Deep Learning para Classificação Hierárquica de Elementos Transponíveis
Nakano, Felipe Kenji
Transposable Elements (TEs) are DNA sequences that can change its location within a cell's genome. They contribute directly to the genetic variety of species. Besides, their transposition mechanisms can affect the functionality of genes. The correct identification and classification of TEs play a central role in comprehension of genomes. Generally, identification and classification of TEs are performed using tools that employs homology, by comparing a sequence to many sequences from a labeled TE database.

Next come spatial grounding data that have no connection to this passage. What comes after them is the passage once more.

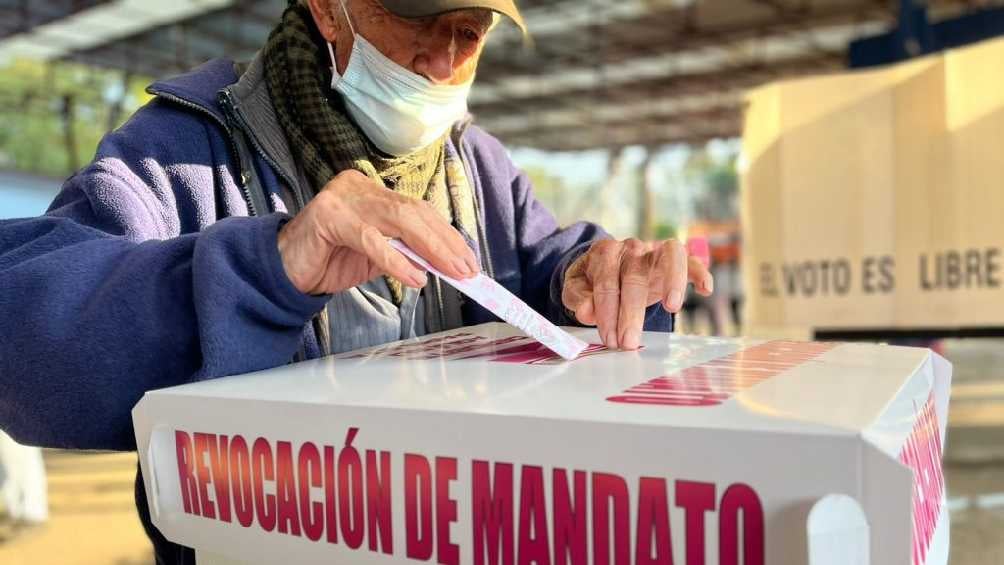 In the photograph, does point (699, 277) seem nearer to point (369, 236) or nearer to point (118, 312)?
point (369, 236)

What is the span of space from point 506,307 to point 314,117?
1.46 ft

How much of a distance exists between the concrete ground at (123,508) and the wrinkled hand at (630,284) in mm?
1662

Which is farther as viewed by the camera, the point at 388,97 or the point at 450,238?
the point at 388,97

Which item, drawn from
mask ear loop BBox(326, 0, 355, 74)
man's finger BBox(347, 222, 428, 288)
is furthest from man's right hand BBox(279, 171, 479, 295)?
mask ear loop BBox(326, 0, 355, 74)

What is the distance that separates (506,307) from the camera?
69 centimetres

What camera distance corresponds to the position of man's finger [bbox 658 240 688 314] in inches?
33.0

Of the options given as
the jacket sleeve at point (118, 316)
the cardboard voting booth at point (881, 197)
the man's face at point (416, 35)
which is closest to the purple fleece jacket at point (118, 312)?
the jacket sleeve at point (118, 316)

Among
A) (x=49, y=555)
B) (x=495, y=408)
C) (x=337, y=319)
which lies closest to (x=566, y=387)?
(x=495, y=408)

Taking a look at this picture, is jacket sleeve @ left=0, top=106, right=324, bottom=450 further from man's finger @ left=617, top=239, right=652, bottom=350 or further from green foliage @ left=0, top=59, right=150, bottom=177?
green foliage @ left=0, top=59, right=150, bottom=177

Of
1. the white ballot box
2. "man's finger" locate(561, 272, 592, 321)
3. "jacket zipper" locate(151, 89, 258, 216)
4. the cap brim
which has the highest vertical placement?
the cap brim

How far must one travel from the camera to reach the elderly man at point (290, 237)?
628mm

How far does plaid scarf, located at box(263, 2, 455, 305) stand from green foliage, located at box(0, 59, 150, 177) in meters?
9.26

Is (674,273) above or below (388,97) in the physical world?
below

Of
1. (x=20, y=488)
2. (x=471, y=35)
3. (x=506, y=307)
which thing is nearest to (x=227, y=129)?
(x=471, y=35) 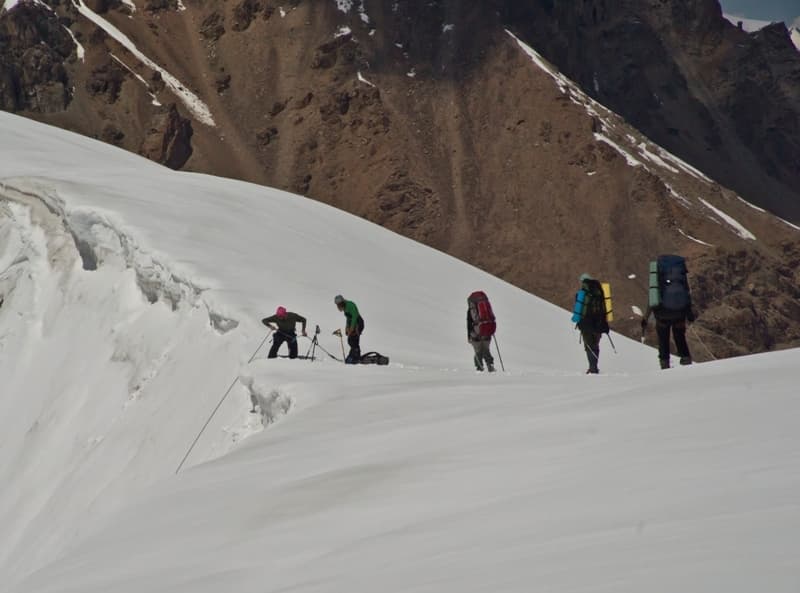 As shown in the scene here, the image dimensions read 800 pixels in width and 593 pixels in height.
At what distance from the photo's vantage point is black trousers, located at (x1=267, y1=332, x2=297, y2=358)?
46.6 ft

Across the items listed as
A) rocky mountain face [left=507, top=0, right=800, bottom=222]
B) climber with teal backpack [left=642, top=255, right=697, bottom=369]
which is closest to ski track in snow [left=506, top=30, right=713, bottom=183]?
rocky mountain face [left=507, top=0, right=800, bottom=222]

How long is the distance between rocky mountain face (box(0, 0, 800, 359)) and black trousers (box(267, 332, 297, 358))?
48.4m

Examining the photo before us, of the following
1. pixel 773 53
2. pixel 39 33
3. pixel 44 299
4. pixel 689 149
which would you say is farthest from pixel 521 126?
pixel 44 299

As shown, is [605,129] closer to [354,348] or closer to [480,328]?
[354,348]

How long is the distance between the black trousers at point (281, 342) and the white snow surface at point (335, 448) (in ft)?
2.01

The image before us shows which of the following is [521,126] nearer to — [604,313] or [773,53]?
[773,53]

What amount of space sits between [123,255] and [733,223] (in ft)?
186

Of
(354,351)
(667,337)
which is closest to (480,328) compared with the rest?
(354,351)

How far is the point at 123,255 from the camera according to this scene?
21453mm

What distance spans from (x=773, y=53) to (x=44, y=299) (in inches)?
3680

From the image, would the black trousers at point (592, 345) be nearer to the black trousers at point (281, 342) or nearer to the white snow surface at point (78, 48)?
the black trousers at point (281, 342)

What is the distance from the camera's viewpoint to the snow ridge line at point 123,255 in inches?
717

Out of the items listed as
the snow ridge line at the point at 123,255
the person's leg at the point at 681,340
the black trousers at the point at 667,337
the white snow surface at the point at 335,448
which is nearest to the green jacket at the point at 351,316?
the white snow surface at the point at 335,448

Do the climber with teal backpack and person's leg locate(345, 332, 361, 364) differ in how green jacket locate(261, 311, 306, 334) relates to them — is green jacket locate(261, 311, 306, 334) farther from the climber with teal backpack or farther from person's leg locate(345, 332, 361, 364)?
the climber with teal backpack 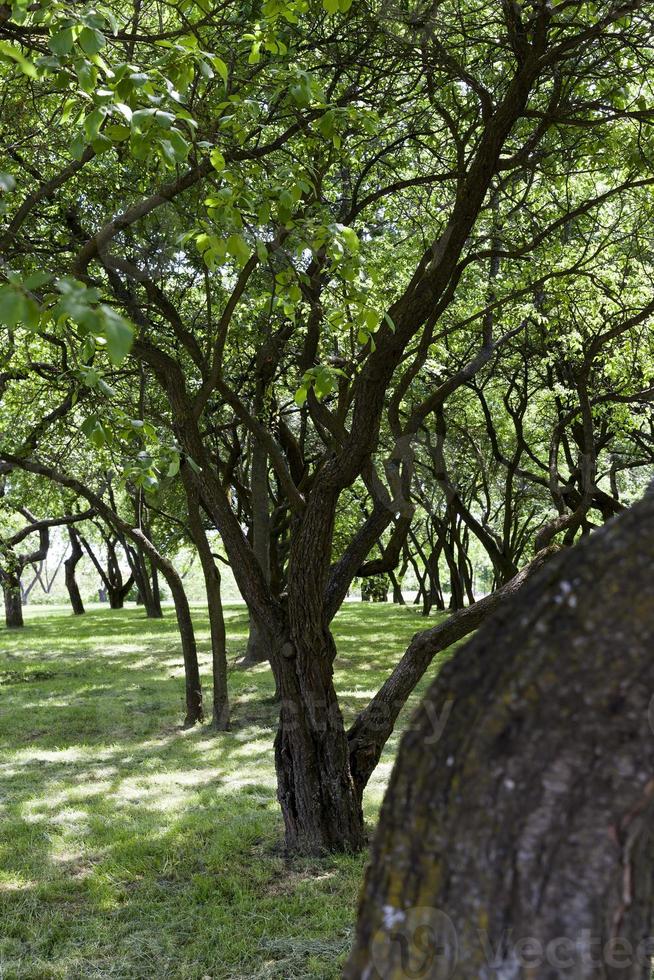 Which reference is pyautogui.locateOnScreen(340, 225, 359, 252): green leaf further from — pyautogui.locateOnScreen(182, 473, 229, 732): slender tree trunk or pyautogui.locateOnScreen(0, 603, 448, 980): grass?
pyautogui.locateOnScreen(182, 473, 229, 732): slender tree trunk

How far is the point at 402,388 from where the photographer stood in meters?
6.33

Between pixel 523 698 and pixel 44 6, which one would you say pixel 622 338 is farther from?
pixel 523 698

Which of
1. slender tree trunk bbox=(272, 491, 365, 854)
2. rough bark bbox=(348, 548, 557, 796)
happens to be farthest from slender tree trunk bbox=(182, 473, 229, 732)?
rough bark bbox=(348, 548, 557, 796)

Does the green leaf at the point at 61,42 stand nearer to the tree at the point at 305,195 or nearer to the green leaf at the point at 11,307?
the tree at the point at 305,195

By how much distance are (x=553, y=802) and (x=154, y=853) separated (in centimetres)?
505

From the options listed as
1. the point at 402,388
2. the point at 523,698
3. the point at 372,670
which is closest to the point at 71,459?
the point at 372,670

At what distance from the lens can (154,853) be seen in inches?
234

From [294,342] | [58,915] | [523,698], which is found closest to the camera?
[523,698]

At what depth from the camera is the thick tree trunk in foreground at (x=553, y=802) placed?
1.51m

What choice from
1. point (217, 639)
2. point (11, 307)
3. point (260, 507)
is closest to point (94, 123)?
point (11, 307)

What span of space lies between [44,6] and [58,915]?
14.6 feet

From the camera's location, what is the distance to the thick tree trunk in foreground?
1.51 meters

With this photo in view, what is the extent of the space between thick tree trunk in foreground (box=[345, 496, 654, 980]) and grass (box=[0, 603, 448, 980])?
9.87 ft

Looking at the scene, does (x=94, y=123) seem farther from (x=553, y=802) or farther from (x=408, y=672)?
(x=408, y=672) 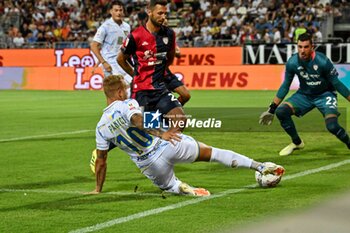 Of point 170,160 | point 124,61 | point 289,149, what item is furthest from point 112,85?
point 289,149

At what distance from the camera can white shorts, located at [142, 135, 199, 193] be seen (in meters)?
6.22

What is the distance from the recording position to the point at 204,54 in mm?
31672

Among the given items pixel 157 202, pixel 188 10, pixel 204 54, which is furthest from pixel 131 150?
pixel 188 10

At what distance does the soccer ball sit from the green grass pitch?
0.09m

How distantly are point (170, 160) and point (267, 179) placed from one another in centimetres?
108

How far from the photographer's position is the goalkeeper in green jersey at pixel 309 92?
32.2 feet

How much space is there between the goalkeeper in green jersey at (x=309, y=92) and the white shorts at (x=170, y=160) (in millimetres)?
3523

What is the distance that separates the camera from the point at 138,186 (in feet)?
23.6

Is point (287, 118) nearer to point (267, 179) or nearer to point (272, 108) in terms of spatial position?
point (272, 108)

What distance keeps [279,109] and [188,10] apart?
27.2 metres

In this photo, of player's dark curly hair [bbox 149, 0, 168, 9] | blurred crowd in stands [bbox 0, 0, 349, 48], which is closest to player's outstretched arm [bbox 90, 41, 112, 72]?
player's dark curly hair [bbox 149, 0, 168, 9]

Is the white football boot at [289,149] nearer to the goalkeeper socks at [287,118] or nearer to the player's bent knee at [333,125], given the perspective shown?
the goalkeeper socks at [287,118]

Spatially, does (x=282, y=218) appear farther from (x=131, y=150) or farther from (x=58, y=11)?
(x=58, y=11)

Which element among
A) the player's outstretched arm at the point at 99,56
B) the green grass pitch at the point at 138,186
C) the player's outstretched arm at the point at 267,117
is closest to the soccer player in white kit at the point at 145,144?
the green grass pitch at the point at 138,186
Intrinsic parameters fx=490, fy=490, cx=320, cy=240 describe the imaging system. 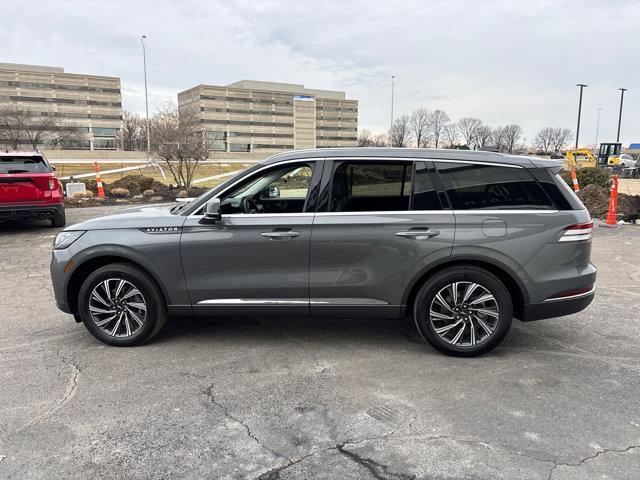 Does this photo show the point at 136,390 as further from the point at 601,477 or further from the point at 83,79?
the point at 83,79

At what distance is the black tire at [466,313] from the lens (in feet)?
13.3

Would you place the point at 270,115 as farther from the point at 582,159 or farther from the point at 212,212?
the point at 212,212

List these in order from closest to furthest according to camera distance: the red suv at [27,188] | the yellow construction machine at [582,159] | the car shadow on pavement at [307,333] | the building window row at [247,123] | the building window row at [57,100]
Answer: the car shadow on pavement at [307,333], the red suv at [27,188], the yellow construction machine at [582,159], the building window row at [57,100], the building window row at [247,123]

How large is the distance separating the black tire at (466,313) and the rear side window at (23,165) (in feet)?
30.6

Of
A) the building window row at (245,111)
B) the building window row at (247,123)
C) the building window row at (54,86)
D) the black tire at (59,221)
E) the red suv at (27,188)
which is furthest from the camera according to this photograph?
the building window row at (247,123)

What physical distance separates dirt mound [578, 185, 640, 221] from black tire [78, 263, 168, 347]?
11969 mm

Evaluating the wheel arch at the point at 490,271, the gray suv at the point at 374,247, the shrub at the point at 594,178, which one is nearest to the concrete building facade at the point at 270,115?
the shrub at the point at 594,178

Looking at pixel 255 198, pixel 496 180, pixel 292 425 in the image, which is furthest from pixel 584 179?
pixel 292 425

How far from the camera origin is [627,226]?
38.1ft

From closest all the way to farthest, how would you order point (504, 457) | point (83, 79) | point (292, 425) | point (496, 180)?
1. point (504, 457)
2. point (292, 425)
3. point (496, 180)
4. point (83, 79)

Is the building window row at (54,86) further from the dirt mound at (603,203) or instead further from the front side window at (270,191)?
the front side window at (270,191)

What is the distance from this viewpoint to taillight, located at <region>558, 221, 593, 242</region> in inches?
159

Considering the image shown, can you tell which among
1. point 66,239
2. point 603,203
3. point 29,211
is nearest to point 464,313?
point 66,239

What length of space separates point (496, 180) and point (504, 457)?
7.33 feet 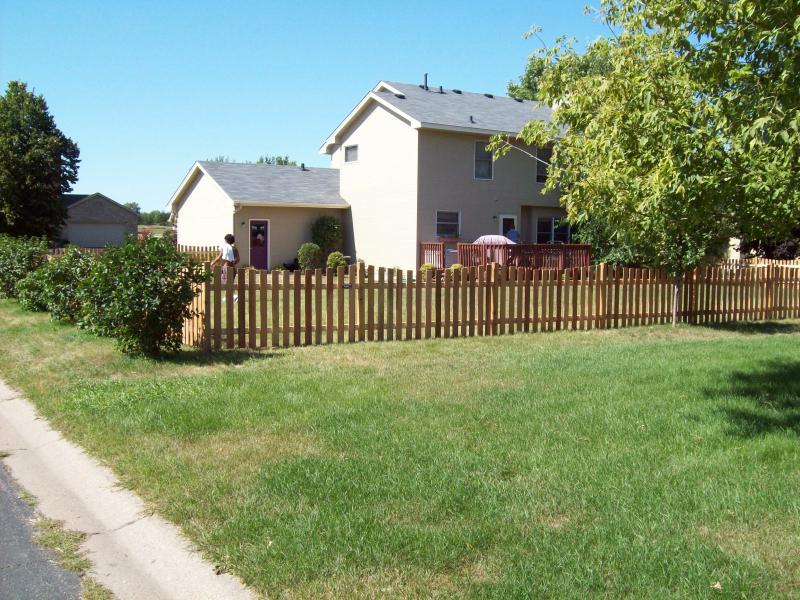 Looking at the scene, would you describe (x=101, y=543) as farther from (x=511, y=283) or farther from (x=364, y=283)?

Since the literature proposes hierarchical taxonomies to classify TEs according to classes and subclasses, this project aims to develop new classification methods employing Machine Learning (AM) and Artificial Neural Networks (RNA) trained using Deep Learning (DP) concepts. Deep Neural Networks have extend the state-of-art of many field of study, including bioinformatics. As the first step, DNA sequences labelled with previously identified TEs will be collected and mapped according to hierarchies provided by the literature. Next, Deep Learning's neural networks Restricted Booltzman Machine, Auto-encoders, MultiLayer Perceptrons and their stacked version were tested. With these datasets, different classification methods are proposed and compared with literature's methods. As contributions, two new strategies were proposed, nLLCPN (non-Leaf Local Classifier per Parent Node) and LCPNB (Classifier per Parent Node and Branch). Both of then adapt LCPN (Local Classifier per Parent Node) in order to allow classifications in inner nodes. Additionally, the deep neural networks presented superior or competitive results in most of the cases.